▶ [YOUR INSTRUCTIONS] Print the lines below from the line with "I think I need" to the line with "Hi everyone, welcome" exactly, keeping both ends, and print no pictures.

▶ [RECORD SET]
----------------------------------------

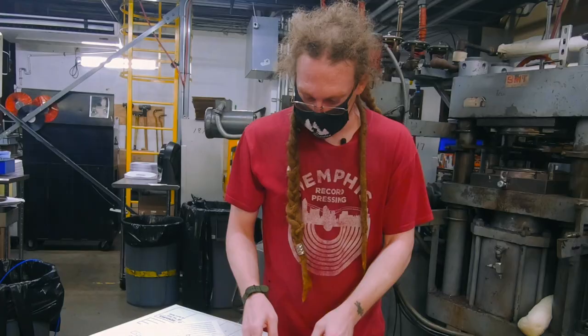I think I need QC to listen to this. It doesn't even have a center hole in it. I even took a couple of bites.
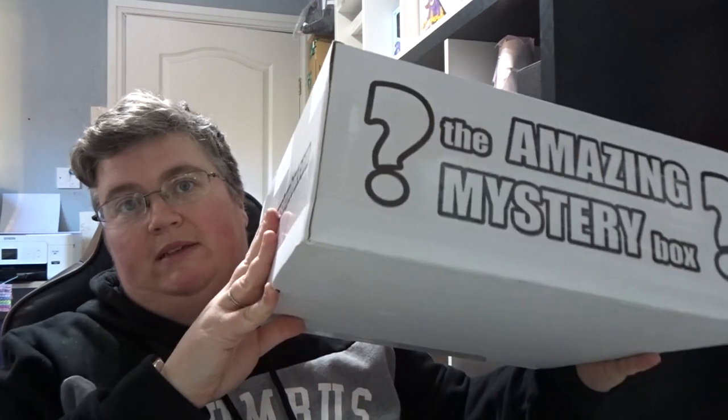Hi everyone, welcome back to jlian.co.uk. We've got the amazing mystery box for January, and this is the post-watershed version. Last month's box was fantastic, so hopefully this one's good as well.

----------------------------------------

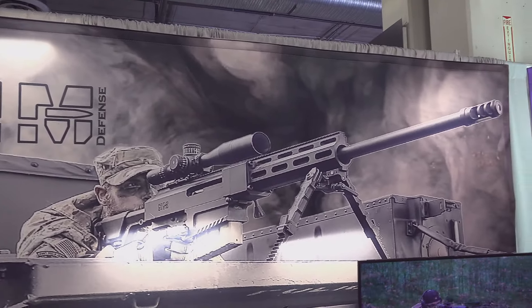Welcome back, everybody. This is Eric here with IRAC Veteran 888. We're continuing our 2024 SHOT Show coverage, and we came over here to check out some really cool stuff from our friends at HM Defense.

----------------------------------------

▶ [EXERCISE OUTPUT]
I think I need QC to listen to this. It doesn't even have a center hole in it. I even took a couple of bites.
Hi everyone, welcome back to jlian.co.uk. We've got the amazing mystery box for January, and this is the post-watershed version. Last month's box was fantastic, so hopefully this one's good as well.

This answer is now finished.